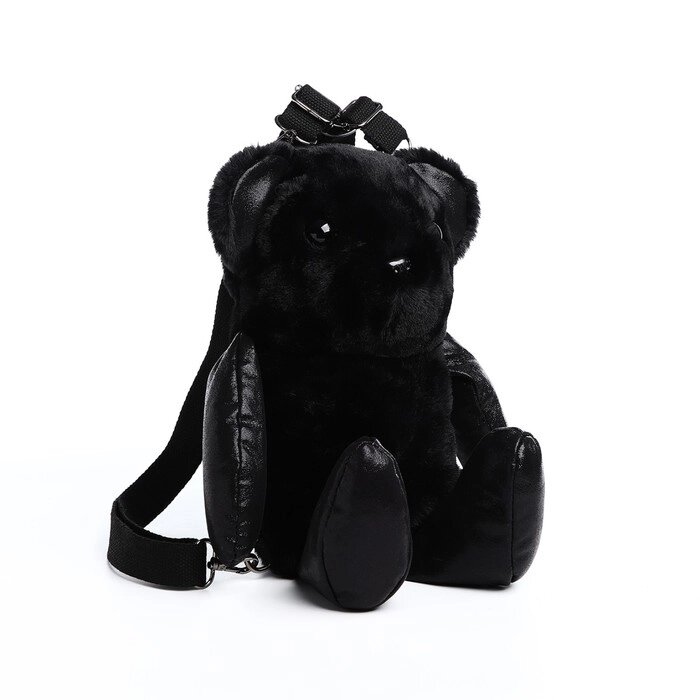 Рюкзак-игрушка "Медведь" на молнии, цвет чёрный от компании Интернет - магазин Flap - фото 1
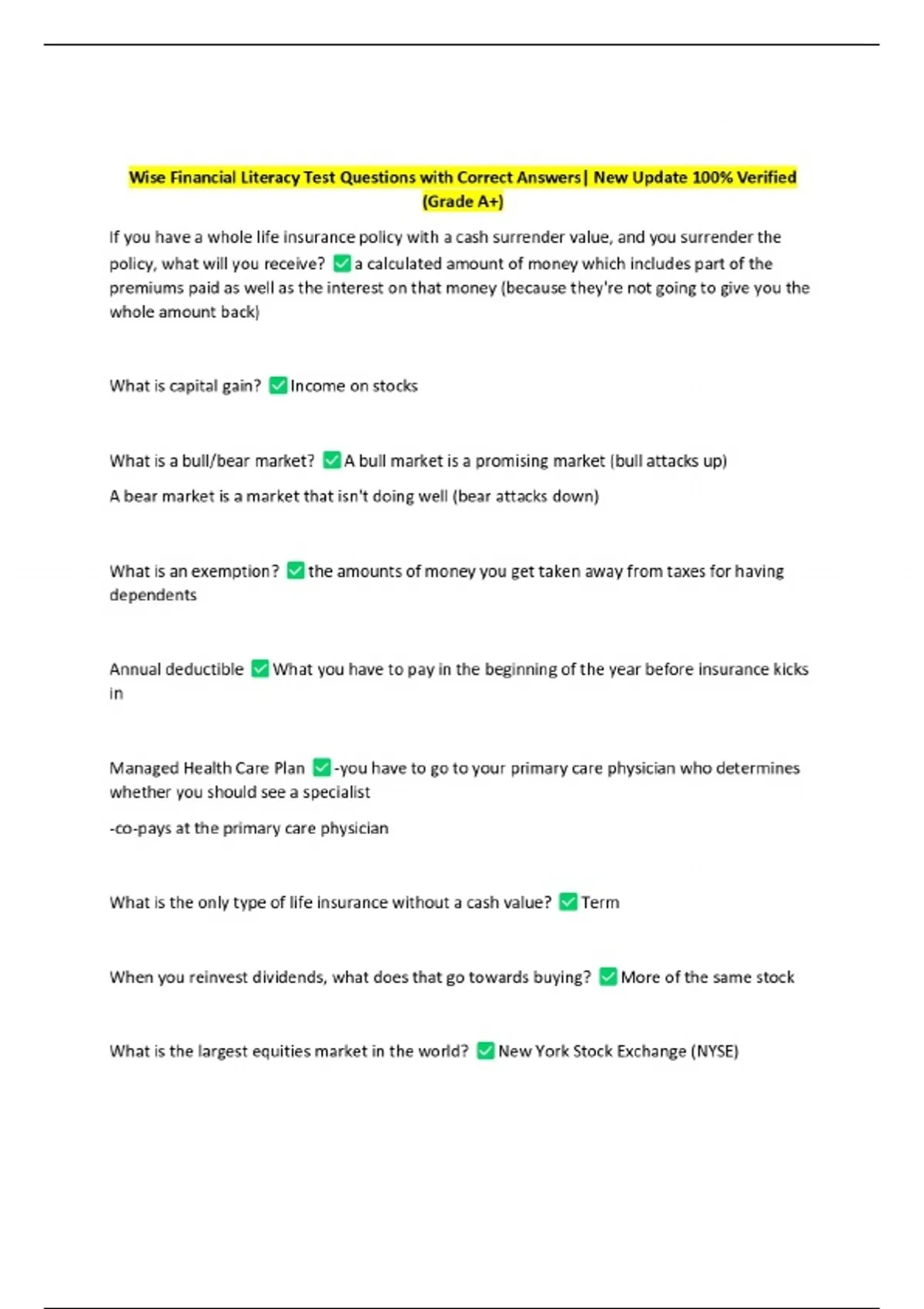 Wise Financial Literacy Test Questions with Correct Answers| New Update ...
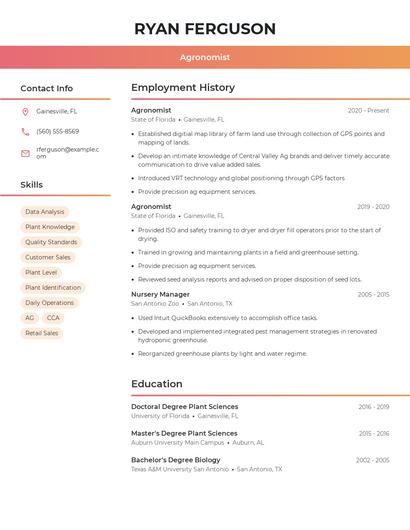 Agronomist Resume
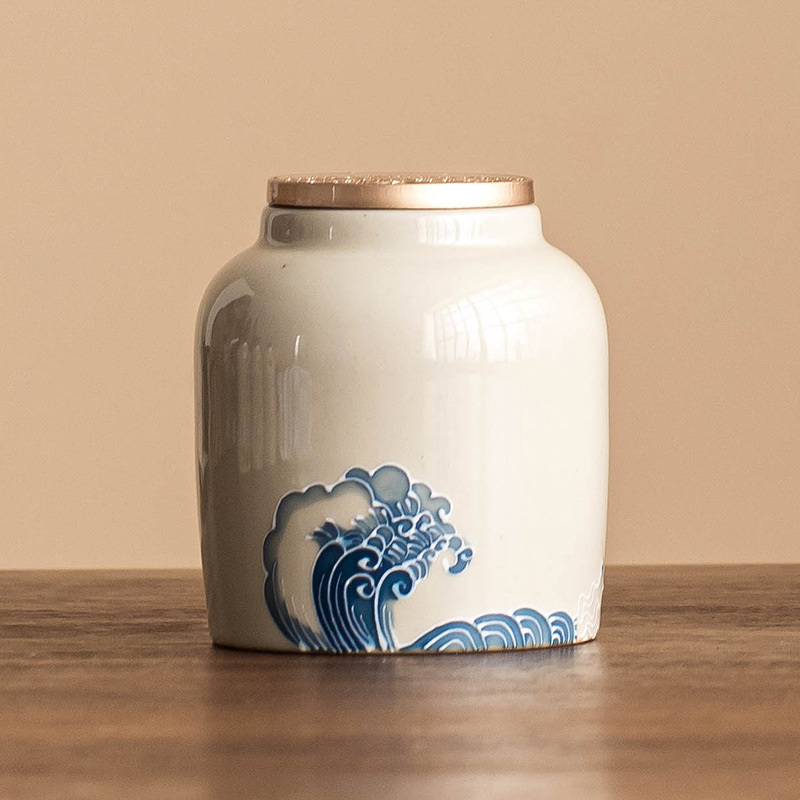 Chậu trà sóng biển xếp chồng, bình đựng đồ, bình kín gia dụng, hộp đựng trà chống ẩm kiểu Trung Quốc mới, bình trà thanh lịch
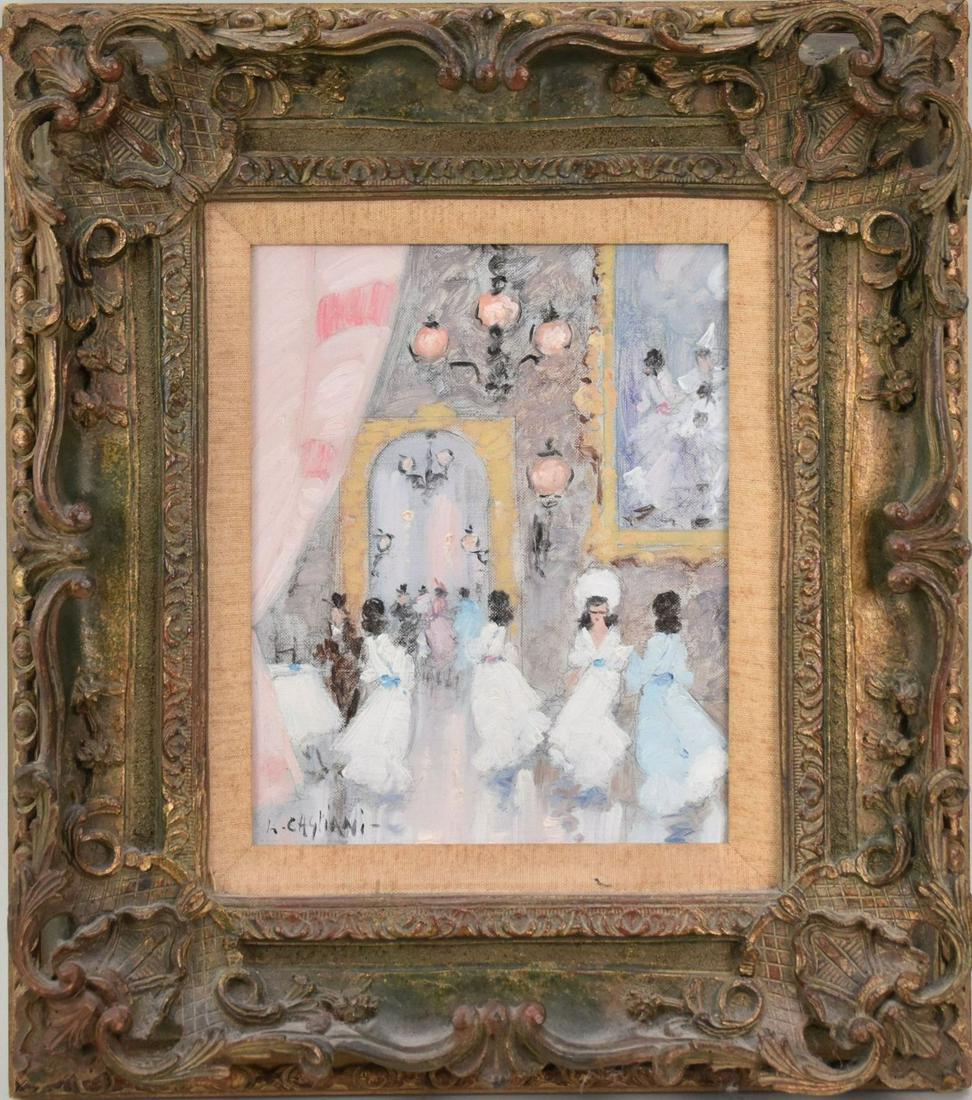 Luigi Cagliani (1910 - 1987) oil on canvas, ballroom scene, signed lower left, 10" x 8" canvas, 17" (1 of 8)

......

Task requirements:
Copy every entry exactly; drop the pictures.

Answer area:
 Рюкзак-игрушка "Медведь" на молнии, цвет чёрный от компании Интернет - магазин Flap - фото 1
 Wise Financial Literacy Test Questions with Correct Answers| New Update ...
 Agronomist Resume
 Chậu trà sóng biển xếp chồng, bình đựng đồ, bình kín gia dụng, hộp đựng trà chống ẩm kiểu Trung Quốc mới, bình trà thanh lịch
 Luigi Cagliani (1910 - 1987) oil on canvas, ballroom scene, signed lower left, 10" x 8" canvas, 17" (1 of 8)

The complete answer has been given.